The short answer is also yes. So then now Pia is listening in on the call. So now she is thinking well, you should have been clear on this slide. And I should thank you for calling that out. And I will actually take the opportunity of moving to Slide 15 for the sake of the argument. So what you're seeing on the left-hand side are 5 studies. 4 of them are post-TKI first-line. And that's with Stivarga, Cabometyx around [ Cyramza ] and the combination at the bottom. And that's an important element, as you say, because there are very few studies where we actually know what happens after TECENTRIQ Avastin. The only sort of data that we've been -- that we think is sort of good enough to represent is actually the LENVIMA data you see on this slide. The LENVIMA data here, it's not a randomized prospective study. It's a retrospective data set from the U.S., I believe, where they have measured progression-free survival. These patients, they got LENVIMA monotherapy second-line after TECENTRIQ Avastin. And the interesting part is that medium progression-free survival in that data set aligns sort of with the others, i.e., it does signal, it is a challenging patient group to treat sort of post TECENTRIQ Avastin as well. But clearly, it's a retrospective data set -- so it's not as sort of the robust, but it aligns with the other. They did not make the overall response rate in that population, and that's why it says not available on the right-hand side. So it's -- it is -- the PI usually calls it a data desert when it comes to second-line population post Atezolizumab. So we are kind of breaking ground or trailblazing a bit with regards to sort of running this study and looking at sort of data or efficacies in this population.

Sounds good. And then my last question would be about business development. Are you increasing your efforts to find a partner when you have this data, with this data starting to mature.

There are 2 answers to that question. The short answer is yes. And the slightly longer answer is clearly sort of -- I mean we've had sort of efforts ongoing or sort of -- we continue to speak with and it's been super clear that sort of -- let's start to generate clinical data in that second-line space. Now that we are, and this is an open-label study, and we can follow the maturing of the data kind of continuously that clearly opens the door for engaging sort of in more detailed discussions. So yes, it's definitely -- I mean, that's the other exciting part about sort of generating the data is that it does open the door for discussions because that's what a potential partner wants to see.

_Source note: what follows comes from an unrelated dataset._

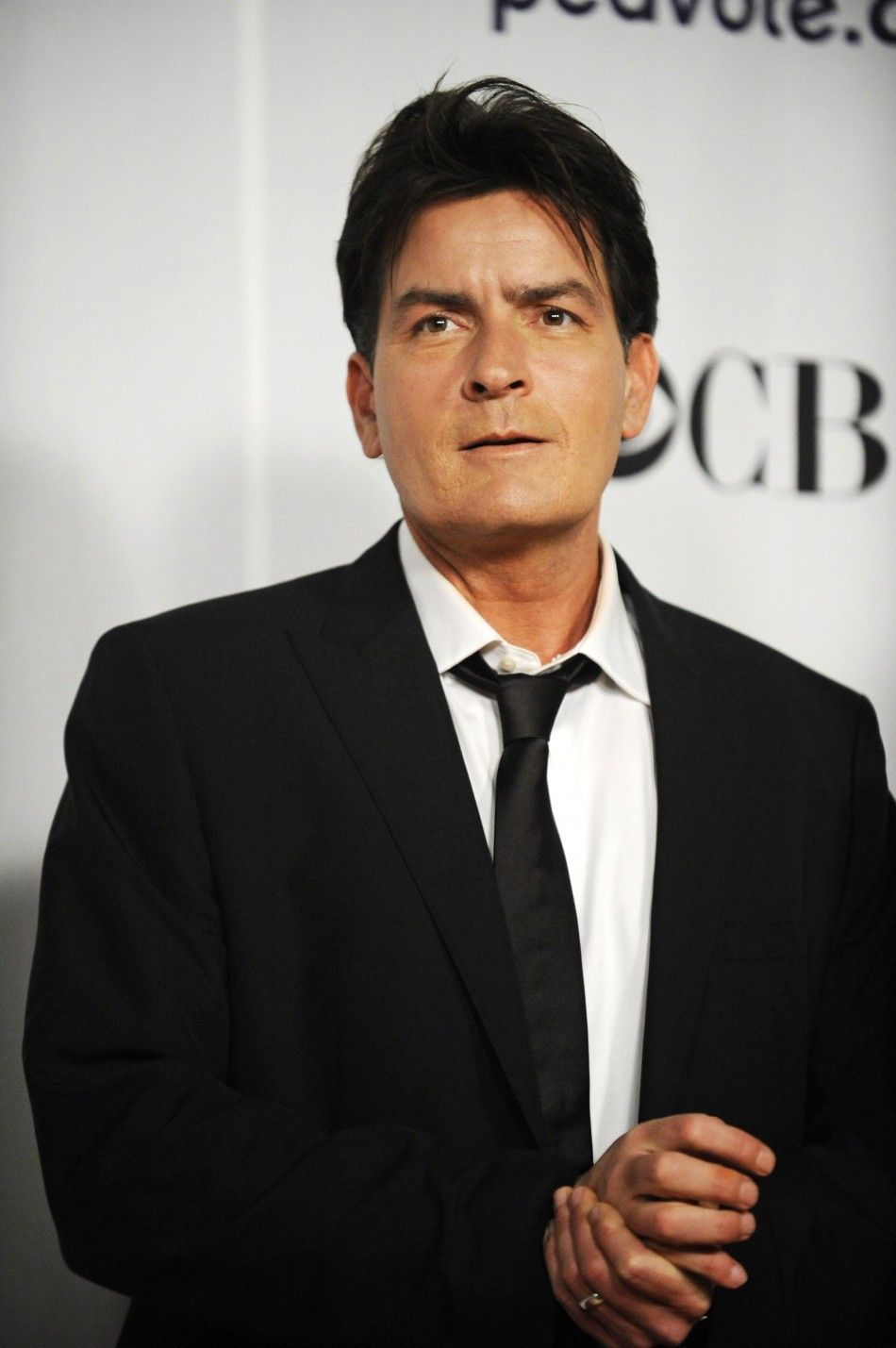 Actor Charlie Sheen stands backstage after winning the award for Favorite TV Comedy for quotTwo and a Half Menquot at the 35th annual Peoples Choice awards in Los Angeles January 7, 2009.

[Operator Instructions]. There are no more questions at this time. So I hand the conference back to the speakers for any closing comments.

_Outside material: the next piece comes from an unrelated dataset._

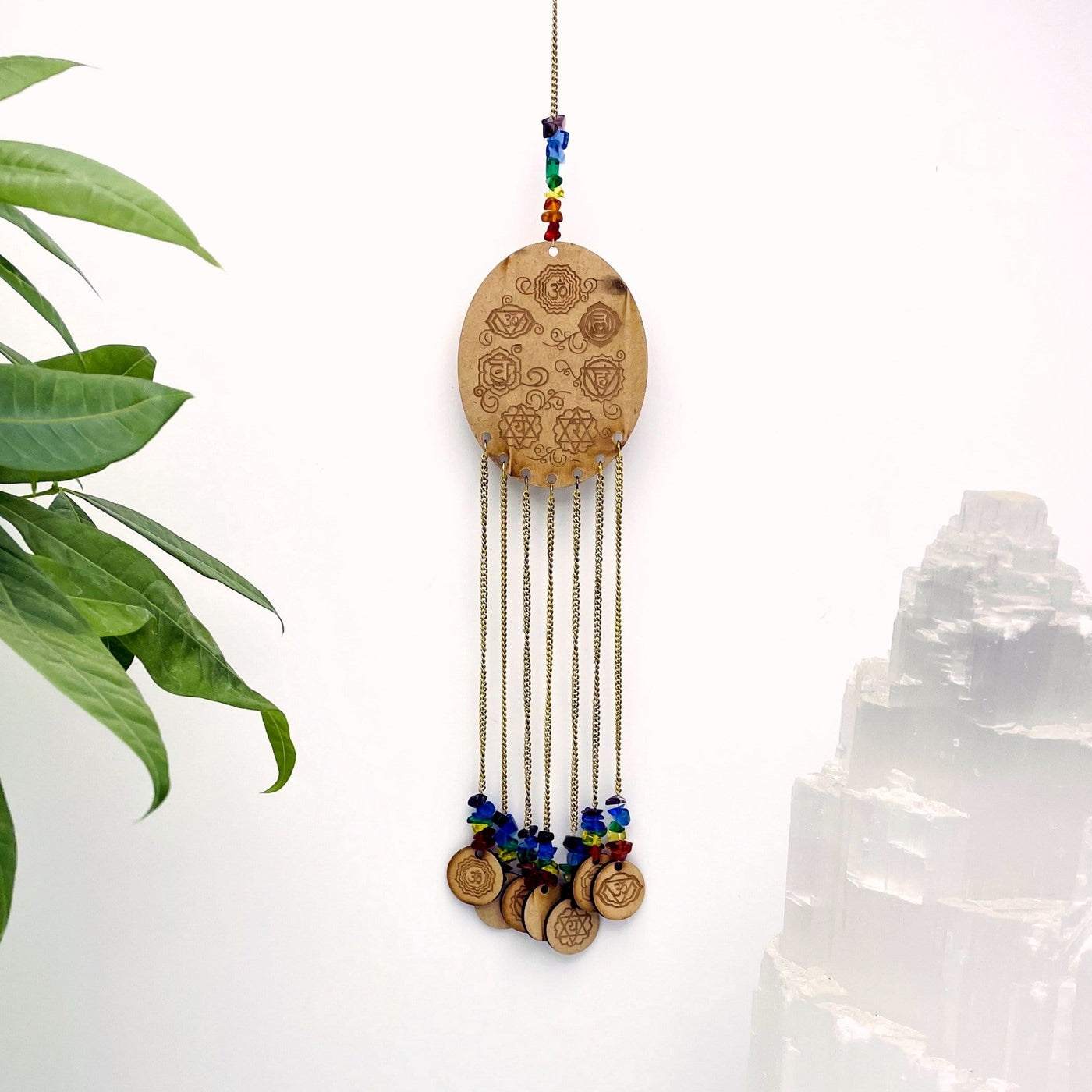 Engraved Wooden 7 Chakras hanged on white background.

And we will, in addition to leaving you with sort of the -- the -- so the excitement that we have hopefully been able to convey regarding sort of where we are with the program and what we see looking forward with some upcoming activities going forward. We will have a number of presentations at sort of health care conferences in the coming sort of few weeks and a month. We will also be sharing some non-clinical data at the ILCA Congress in Amsterdam on September 7 through 9. So we'll share a bit more detail about that later. But perhaps the most importantly, what we're also planning to do on the back of sort of encouraging sort of data we're seeing and as we are planning ahead, we are sort of planning to host an expert perspectives webcast together with KOL experts in our Scientific Advisory Council. On the sort of current unmet medical need and the future treatment landscape in terms of the importance of liver targeted sort of treatment in the field of HCC, that we're planning to hold. The current planning assumption is that we'll hold it at the webcast at the ILCA Congress and sort of broadcast is -- that for everyone to attend wherever they are in the world. But we do have accounts sort of gathered at the Congress for other activities. So we will look to take advantage of that and maybe hold an hour session or so. But more details on that, exactly when it happens and log-in details, we will, of course, communicate in advance before that. So with that, thank you all for dialing in and logging in on a Friday afternoon, and hopefully, you share our excitement about where we are and where we're moving to. And with that, thank you, and have a great weekend.